### Stored data
* * * *
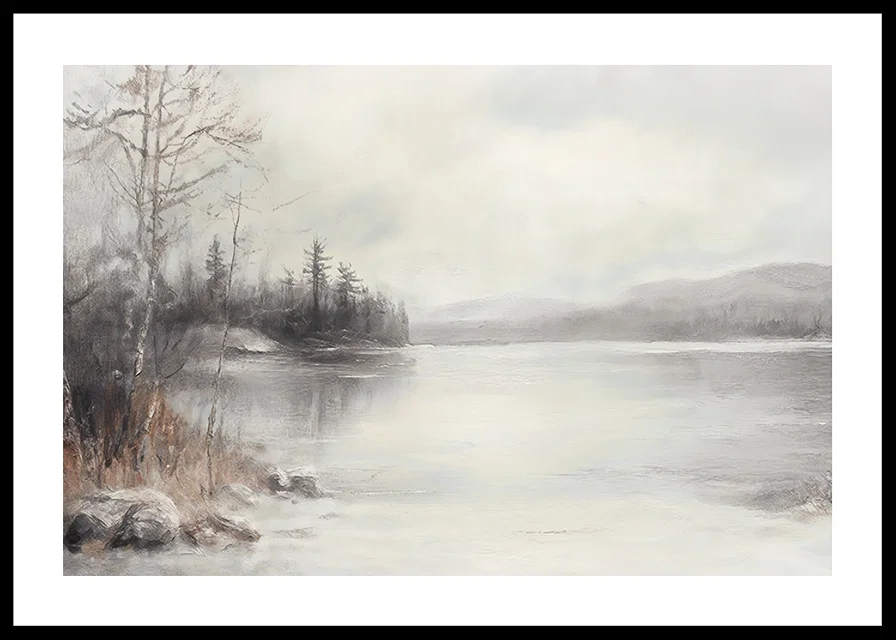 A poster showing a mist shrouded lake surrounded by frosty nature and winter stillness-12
* * * *
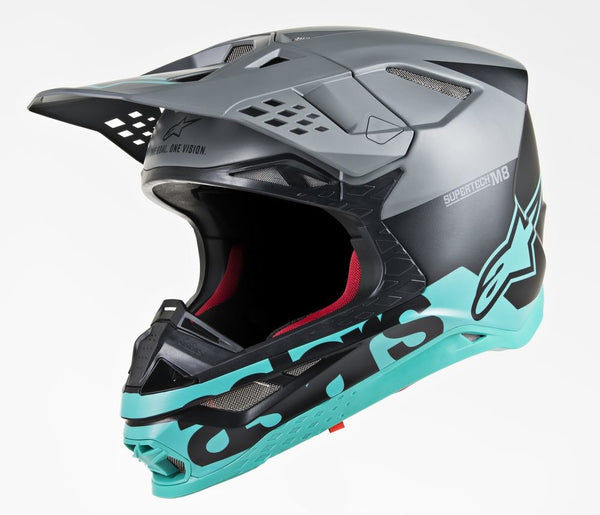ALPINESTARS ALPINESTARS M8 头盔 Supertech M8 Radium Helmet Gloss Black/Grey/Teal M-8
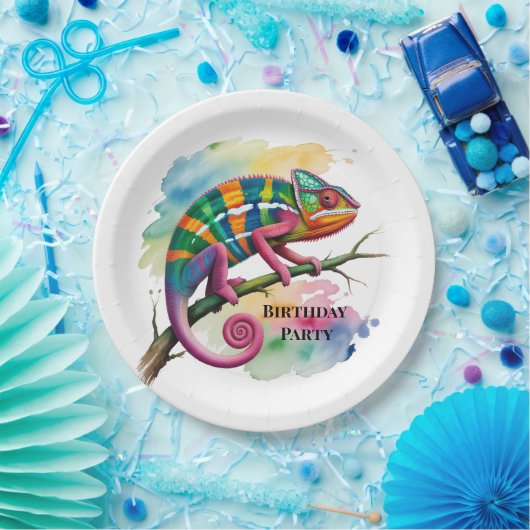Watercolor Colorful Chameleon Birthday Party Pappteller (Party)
* * * *
### What to do
Return only the stretch above from the line containing "ALPINESTARS ALPINESTARS M8" through the line containing "Watercolor Colorful Chameleon", word for word and without pictures.

### Result of this task
ALPINESTARS ALPINESTARS M8 头盔 Supertech M8 Radium Helmet Gloss Black/Grey/Teal M-8
Watercolor Colorful Chameleon Birthday Party Pappteller (Party)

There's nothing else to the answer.